-- Opening Marker --
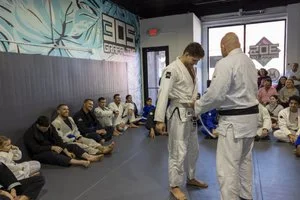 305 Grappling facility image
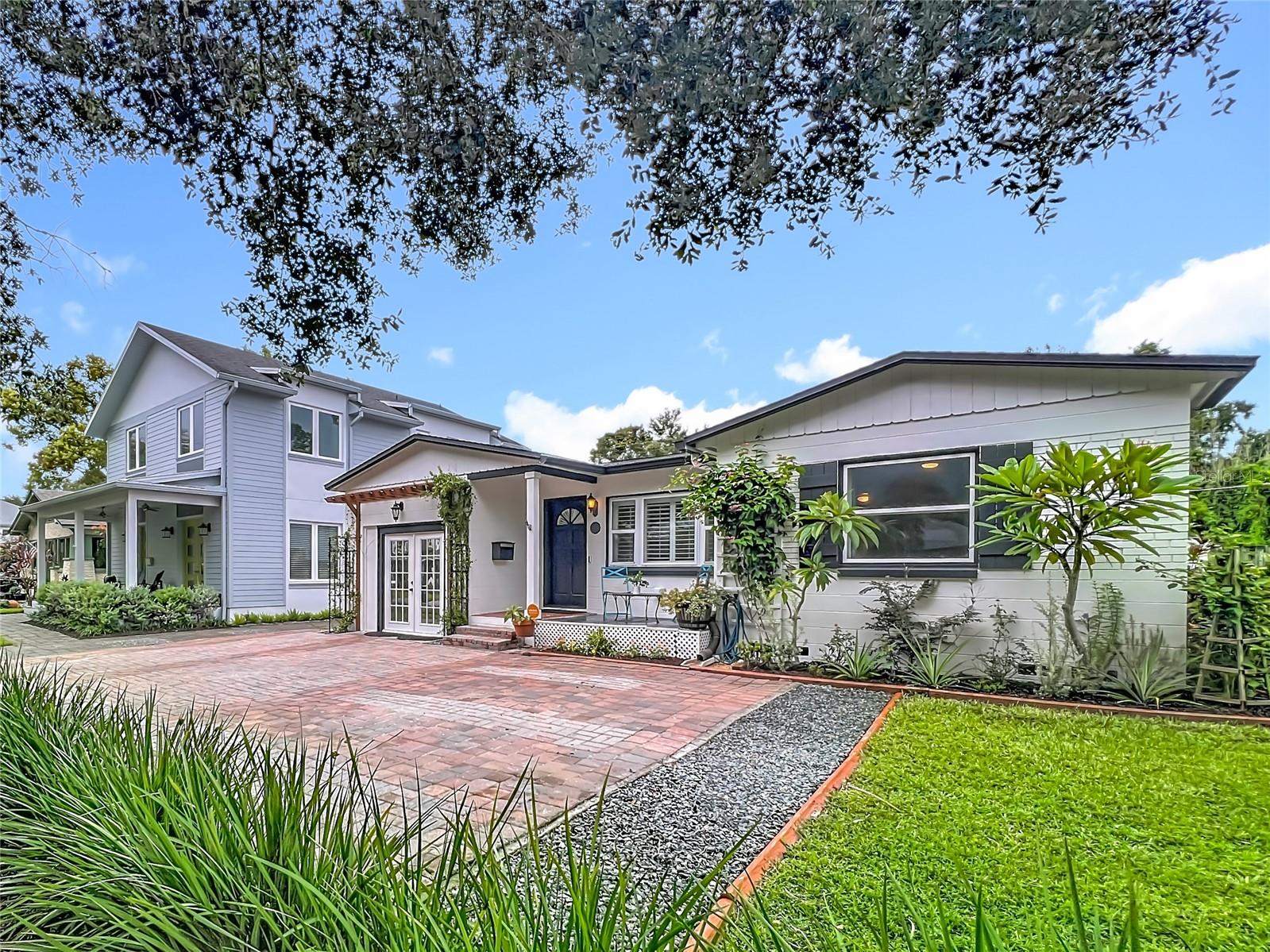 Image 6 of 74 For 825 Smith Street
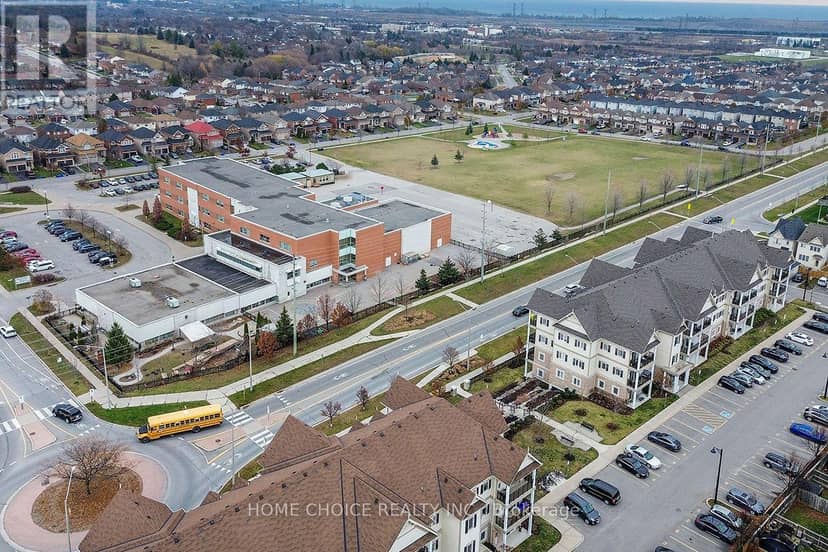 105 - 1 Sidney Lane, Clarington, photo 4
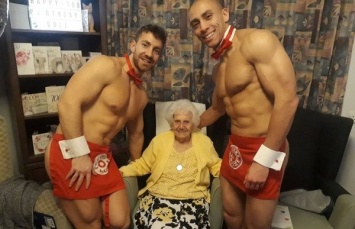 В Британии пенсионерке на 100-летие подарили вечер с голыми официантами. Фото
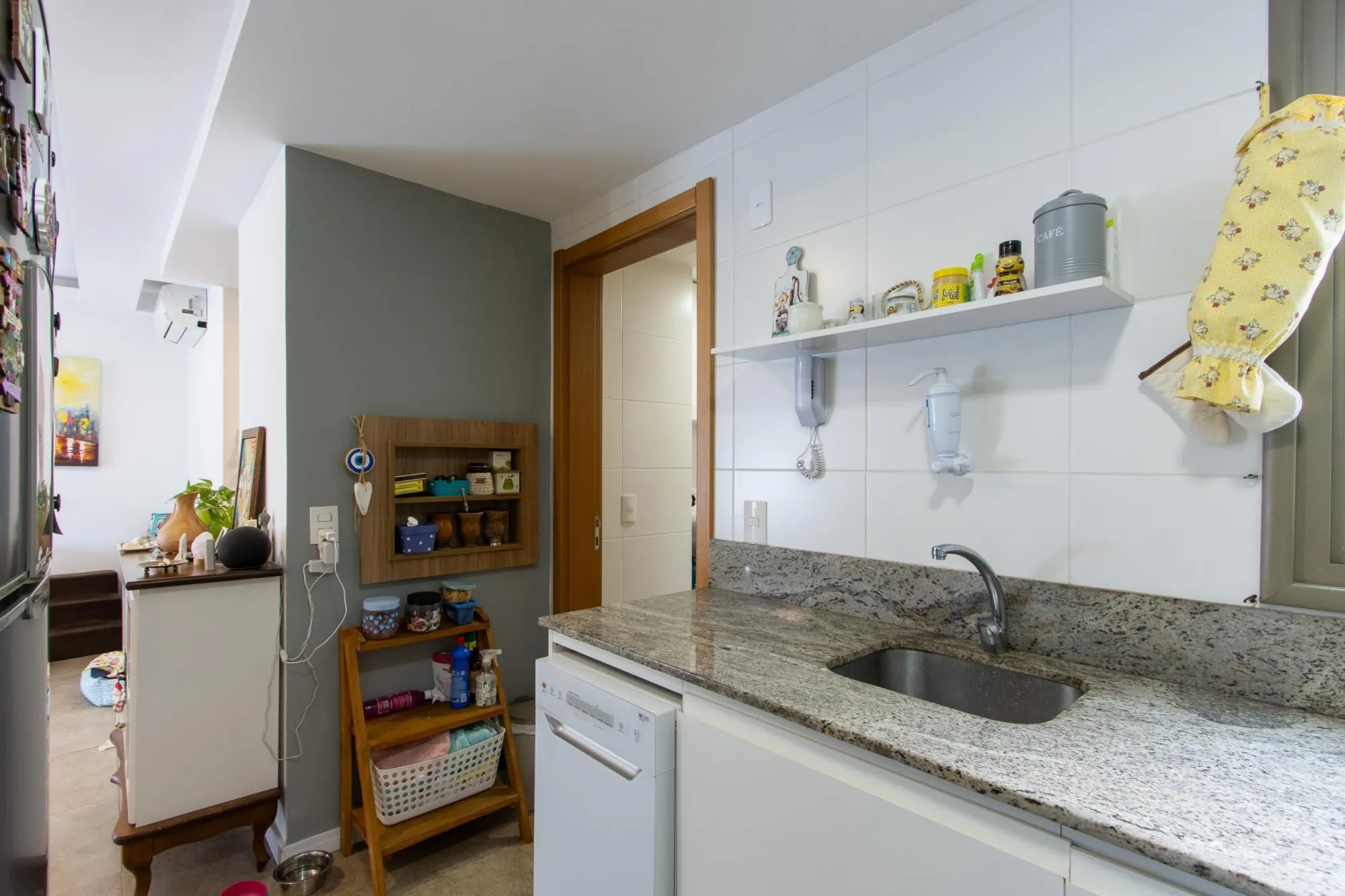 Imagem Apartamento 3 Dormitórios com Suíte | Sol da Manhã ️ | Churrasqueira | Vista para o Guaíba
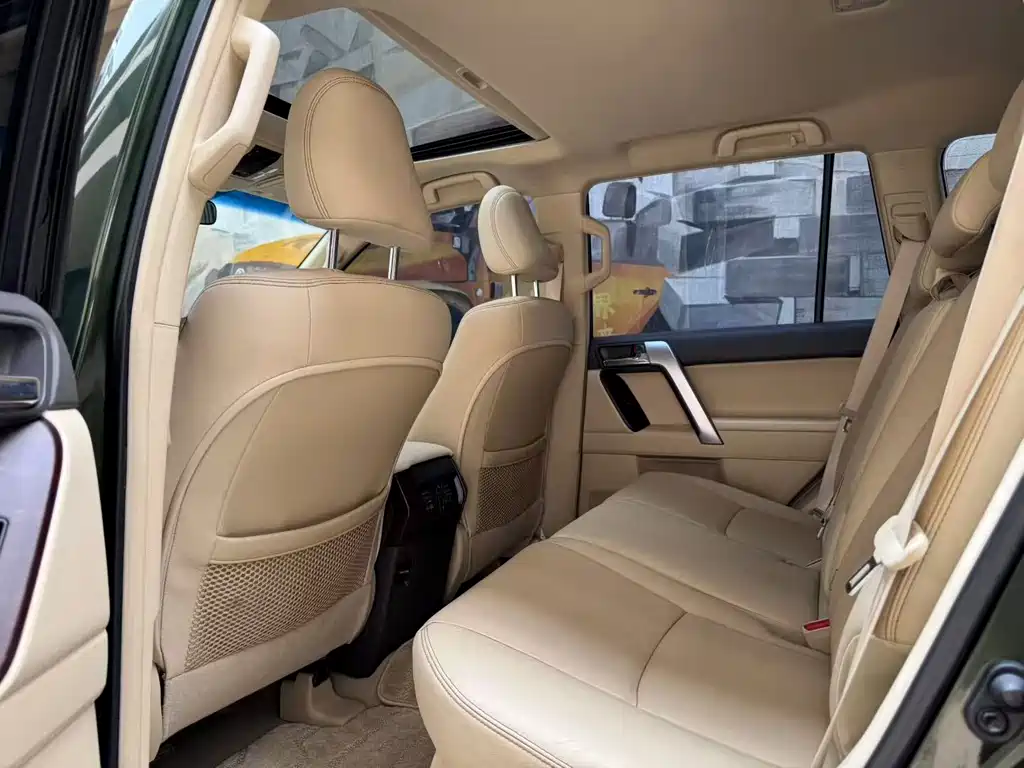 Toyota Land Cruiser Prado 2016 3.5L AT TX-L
-- Closing Marker --
-- Opening Marker --
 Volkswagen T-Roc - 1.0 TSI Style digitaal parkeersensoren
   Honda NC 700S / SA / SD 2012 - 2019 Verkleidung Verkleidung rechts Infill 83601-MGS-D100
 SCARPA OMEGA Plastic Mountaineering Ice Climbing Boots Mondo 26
-- Closing Marker --
§ Work item: Take the material above from the line containing "В Британии пенсионерке" up to and including the line containing "Toyota Land Cruiser Prado 2016 3.5L AT TX-L" and retype it exactly, without any pictures.

§ Answer section:
 В Британии пенсионерке на 100-летие подарили вечер с голыми официантами. Фото
 Imagem Apartamento 3 Dormitórios com Suíte | Sol da Manhã ️ | Churrasqueira | Vista para o Guaíba
 Toyota Land Cruiser Prado 2016 3.5L AT TX-L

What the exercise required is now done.